The web works because browsers and such are tolerant of deviations from the standard. The web works because it has standards, not in spite of them.

You couldn't say "just connect to my server on port 80 and, uh, we'll figure out how to exchange data"


Of course there has to be some kind of minimal agreement, I didn't mean to imply otherwise. This idea, "POST to some url on some action", that's pretty minimal. You were arguing it was too little and wouldn't work, I was arguing it was just enough to build on without collapsing under the weight of expectations of miracles.

HTTP is a remarkably simple and straightforward spec compared to some others, and HTTP servers are amazingly tolerant. As a client, you can get a lot of work done knowing only GET and POST and ignoring all the different kinds of errors and redirects. I would hold up HTTP as evidence supporting what I'm saying.
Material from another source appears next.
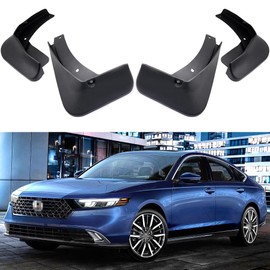 MOERTIFEI Mudguards Mud Flaps Splash Guards Fenders Compatible with 2023 2024 Honda Accord Sedan, 4pcs Car Mudguard, Black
Same with html. Yes, we all want our beautiful and perfect html, and we curse browsers that don't implement the specs, but honestly, renderers are so forgiving. As long as you're in the ballpark, you're going to get something something useful.

SOAP, otoh. The WS-* specs. What utter misery to work with, with their outright lies about out-of-the-box complex interoperability.


I wanted to build this forever for delicious - we served literally billions of hits per month just to sites polling RSS feeds for changes.

It's unreal how inefficient this is.

I also think XMPP feeds (as suggested by others) as another way to solve this problem is a weak way to go. Here's what I wrote at the time: http://joshua.schachter.org/2008/07/beyond-rest.html


I must say I really like this idea. I don't know why it took so long to kick in, though, it's quite simple. Finally sites don't work just as servers, but also as clients, information reflectors, mirrors or whatever.


I'd suggest that if someone loves this concept -- a meta-service that works between service and client might be very useful. Similar to FeedBurner.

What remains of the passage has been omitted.